• _Activity_: Restate word for word the section of the entries that opens at the line containing "Think about how" and closes at the line containing "Σπίτι διακοπών La", both lines kept, pictures dropped.

• _Data to examine_:
==========
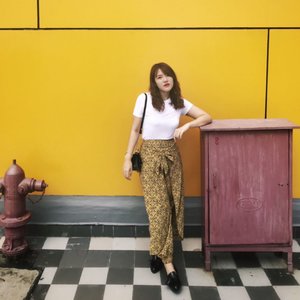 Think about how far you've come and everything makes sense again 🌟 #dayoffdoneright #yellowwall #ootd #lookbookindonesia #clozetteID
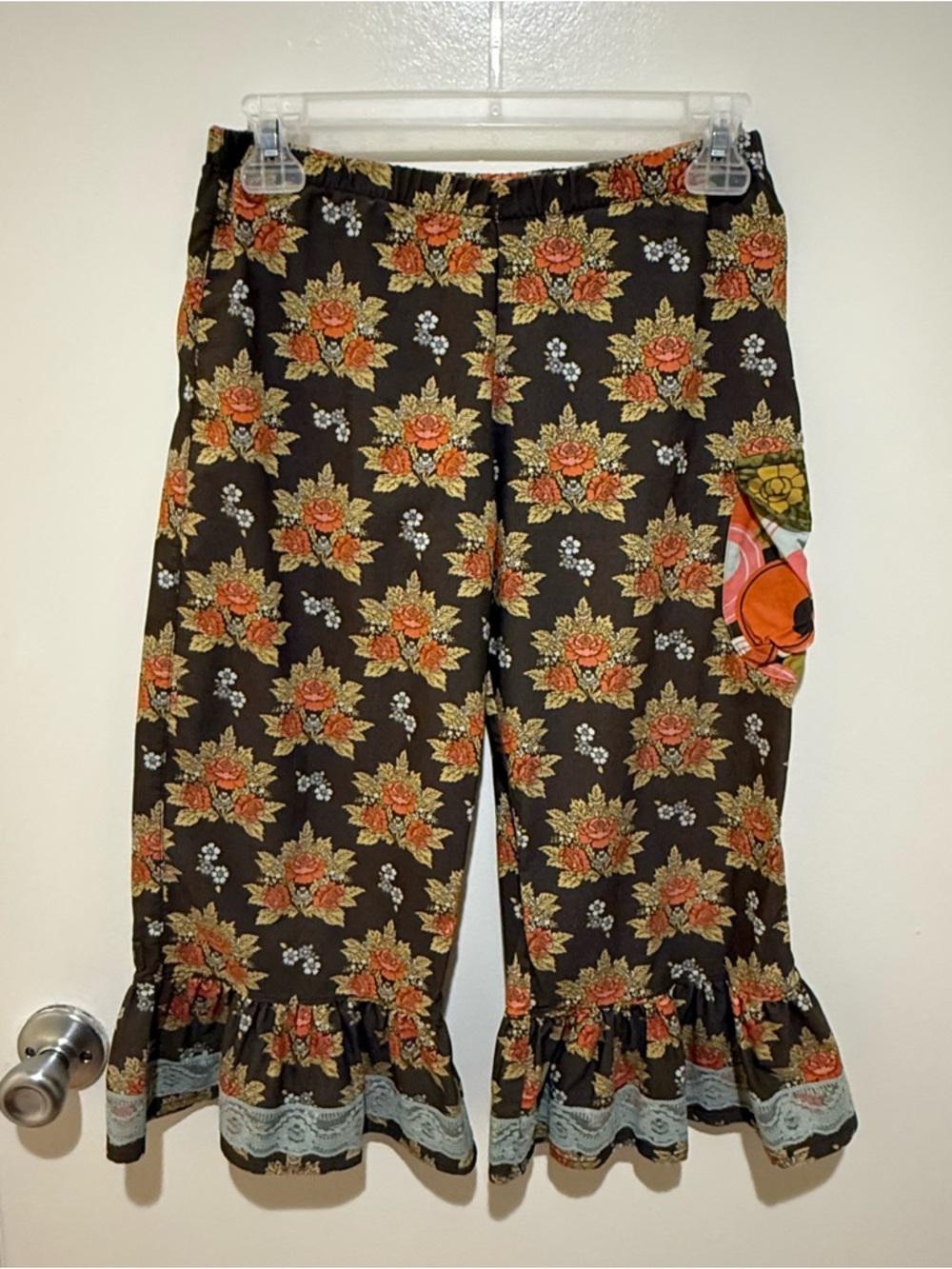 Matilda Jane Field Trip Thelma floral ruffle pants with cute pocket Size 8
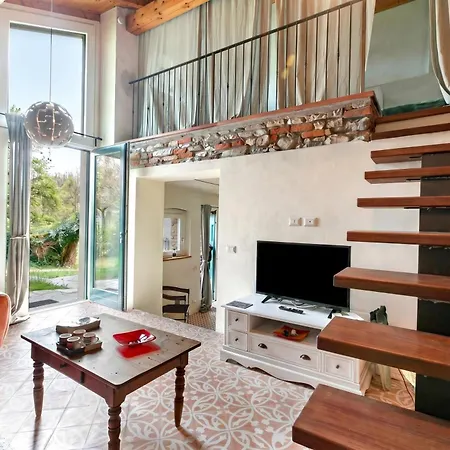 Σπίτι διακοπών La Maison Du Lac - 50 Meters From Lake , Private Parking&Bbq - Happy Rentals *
==========
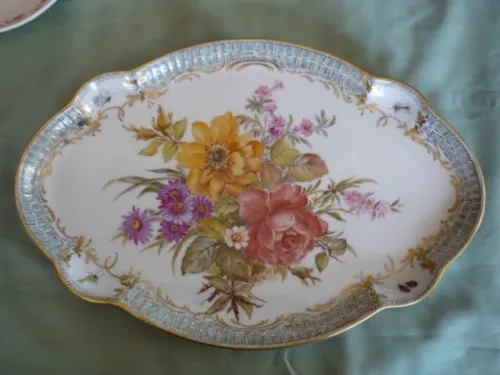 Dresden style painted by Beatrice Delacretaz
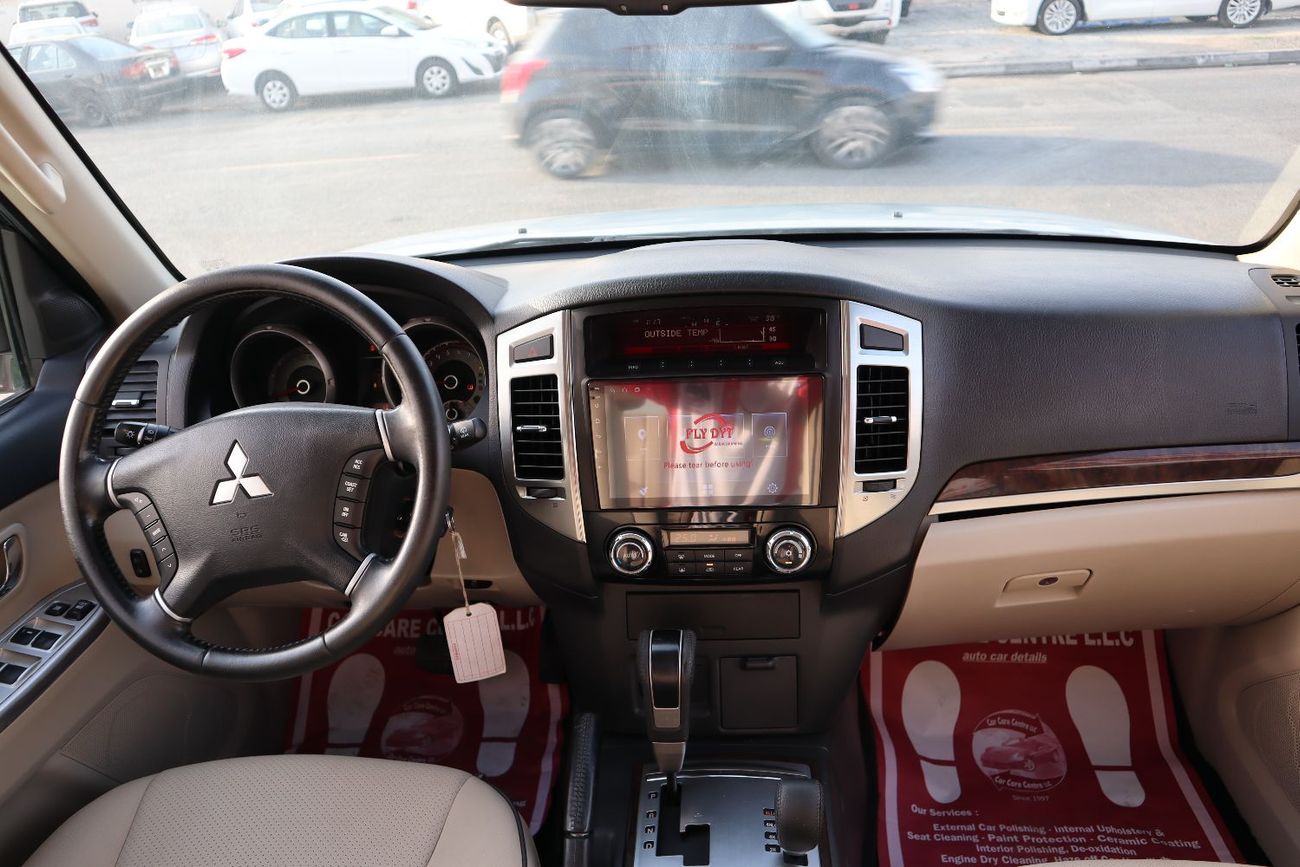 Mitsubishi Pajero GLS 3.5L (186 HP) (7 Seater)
==========
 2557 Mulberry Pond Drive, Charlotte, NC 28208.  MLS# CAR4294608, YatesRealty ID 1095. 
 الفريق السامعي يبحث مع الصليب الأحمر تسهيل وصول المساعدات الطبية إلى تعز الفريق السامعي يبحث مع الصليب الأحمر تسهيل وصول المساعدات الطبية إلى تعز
==========
• _Task solution_:
 Think about how far you've come and everything makes sense again 🌟 #dayoffdoneright #yellowwall #ootd #lookbookindonesia #clozetteID
 Matilda Jane Field Trip Thelma floral ruffle pants with cute pocket Size 8
 Σπίτι διακοπών La Maison Du Lac - 50 Meters From Lake , Private Parking&Bbq - Happy Rentals *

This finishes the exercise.